Food Trucks: The Natural Progression

Running a restaurant often seems like wearing a life jacket in the ocean: semi-comfortably keeping your head barely above water. They face a lot of challenges. There’s fast food, Yelpers and resisting the urge to hit a customer because then you’re just the place that hits customers. All publicity is not good publicity.

There’s a threat that’s been around for a while and keeps gaining traction. A threat I feel is a substitute for most small restaurants. The next step in evolution, molded by economic natural selection: the humble food truck.

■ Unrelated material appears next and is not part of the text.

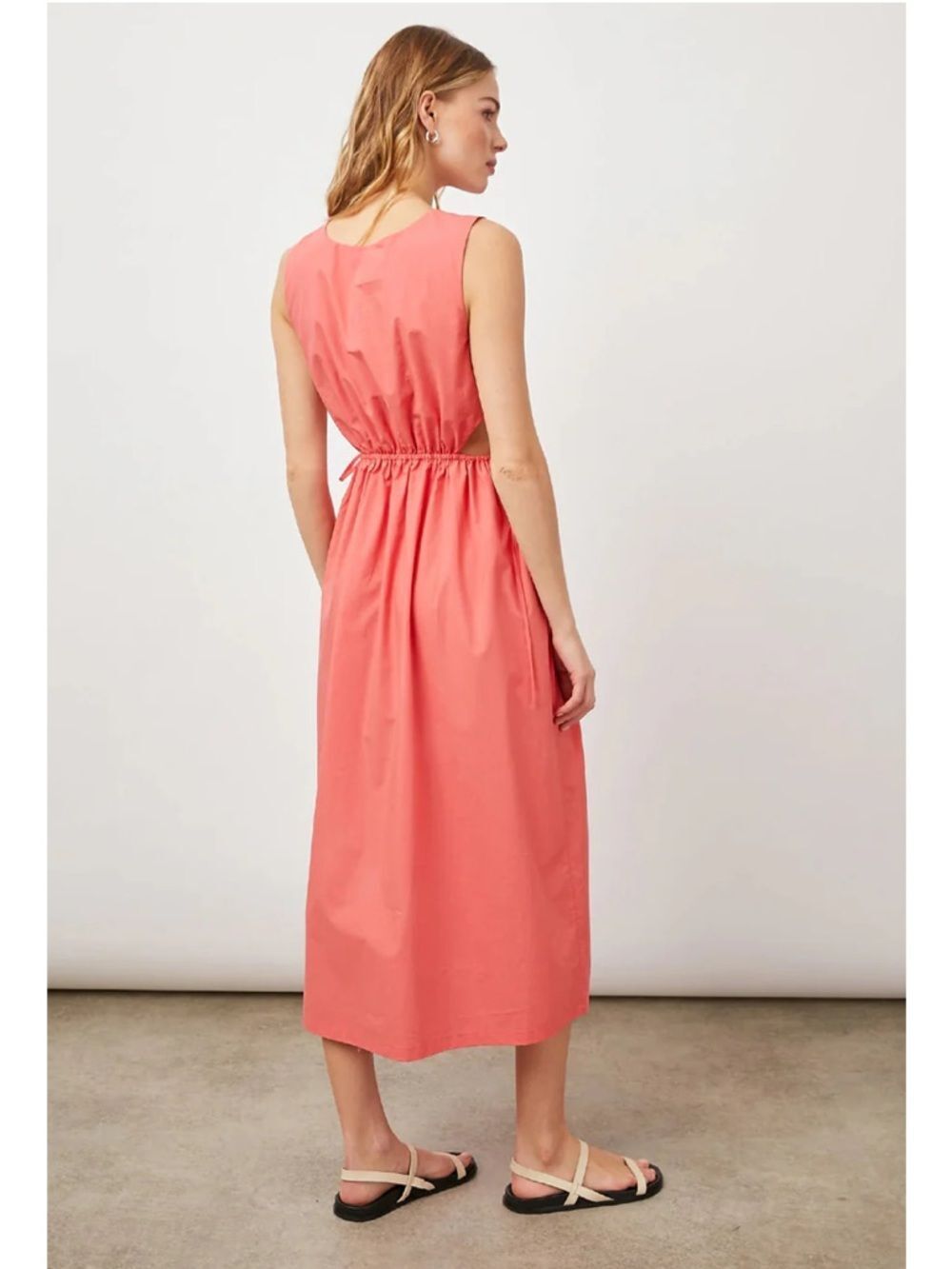 Rails Cotton Yvette Poplin Spiced Coral Sleeveless Side Cut Midi Dress Small - Picture 2 of 11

The food truck is kind of like a toaster oven. Food goes in and comes out inexplicably better. Maybe it’s that the employees are homegrown cooks, making food they enjoy for the appreciative public. Maybe they just use more grease. I don’t exactly have a refined pallet, but Christ if it isn’t good.

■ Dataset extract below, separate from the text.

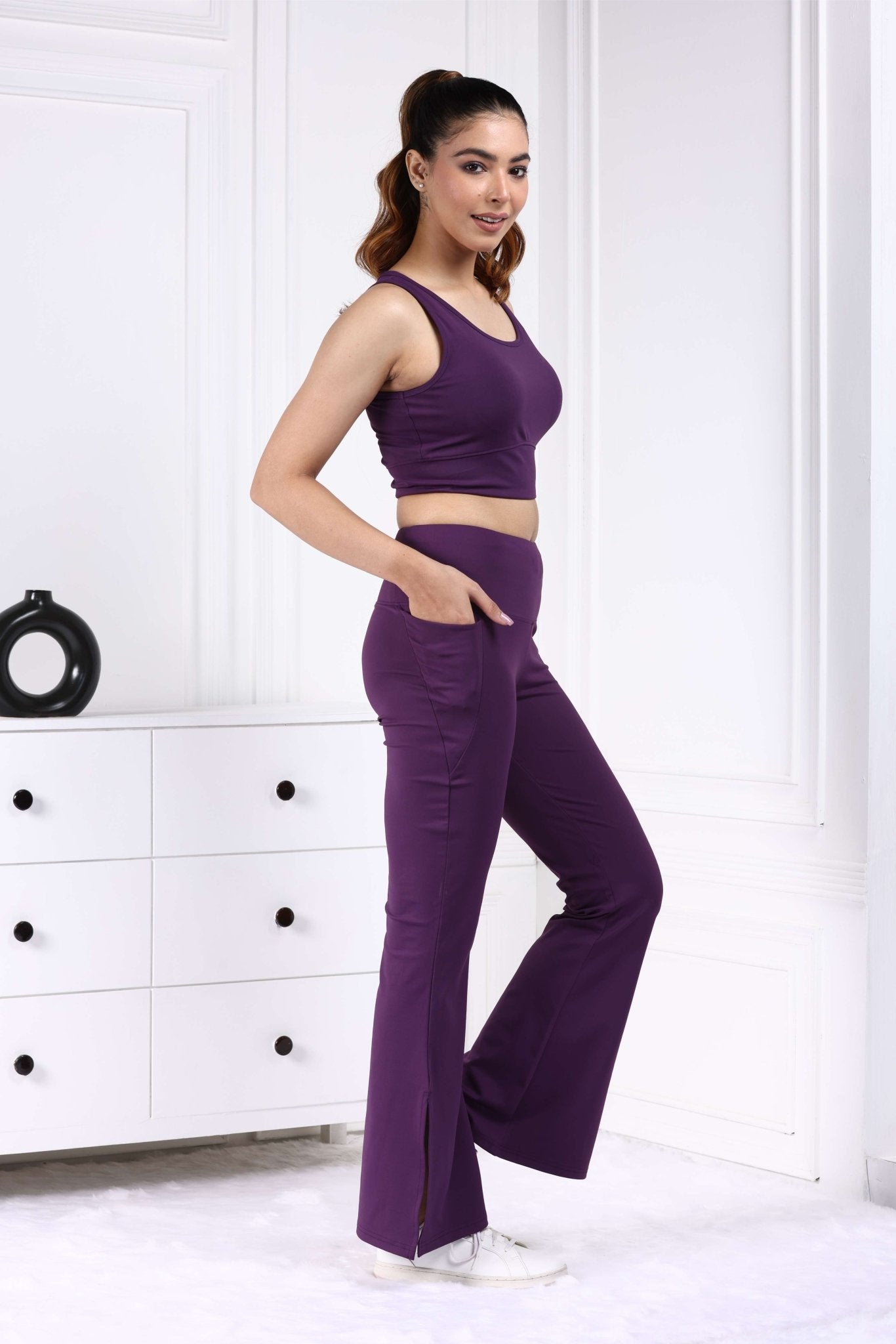 Purple Active Flare with Slit Pants - Active flare with slit pants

It’s like a portable hibachi. I get to see the magic happen whether I like it or not. You might see culinary art or a guy lick a knife and keep using it. The risk is part of the fun.

As with all things though, there’s something better and better right around the corner. In Holt, Minnesota there is a jet that was meant to be turned into a restaurant. The dream fell through, however, and it sits there barren to this day. It’s hardly the first restaurant to fail, but they had no idea what they were on to.

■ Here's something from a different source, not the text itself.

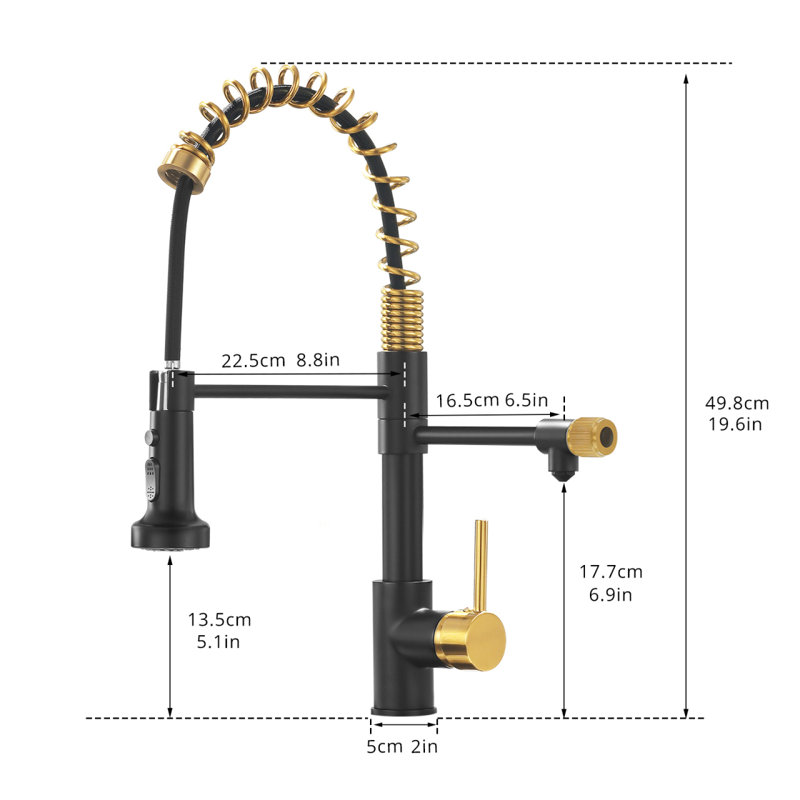Purifier Kitchen Faucet Drinkinown Water Filter Kitchen Sink Faucets (Black And Nickel Gold ), Black/Gold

Clearly, the next step is to equip helicopters and small planes with kitchens and fly them to high population areas to serve food, a form of food air transport, or FAT for short. I want my greasy food to glide in on a cross-country tour of deliciousness. FAT foods I can enjoy while they’re here, and then wait with anticipation for the next time it comes around.

What’s more, who wouldn’t shell out for a hibachi-aerial tour of the city? See the beautiful farmland of North Dakota while a man throws shrimp at you until you catch one in your mouth. Watch as you dive and the chef has to keep the food from flying too far away from the grill. Marvel at a volcano made from an onion, which isn’t really different in the air, but is 100 percent necessary.

The food trucks are nice, but this is the clear next step. How anyone hasn’t attempted this yet is beyond me. Maybe “Big Food Truck” is shutting it down to keep in business, but it’s inevitable. When it comes to my food, the sky’s the limit.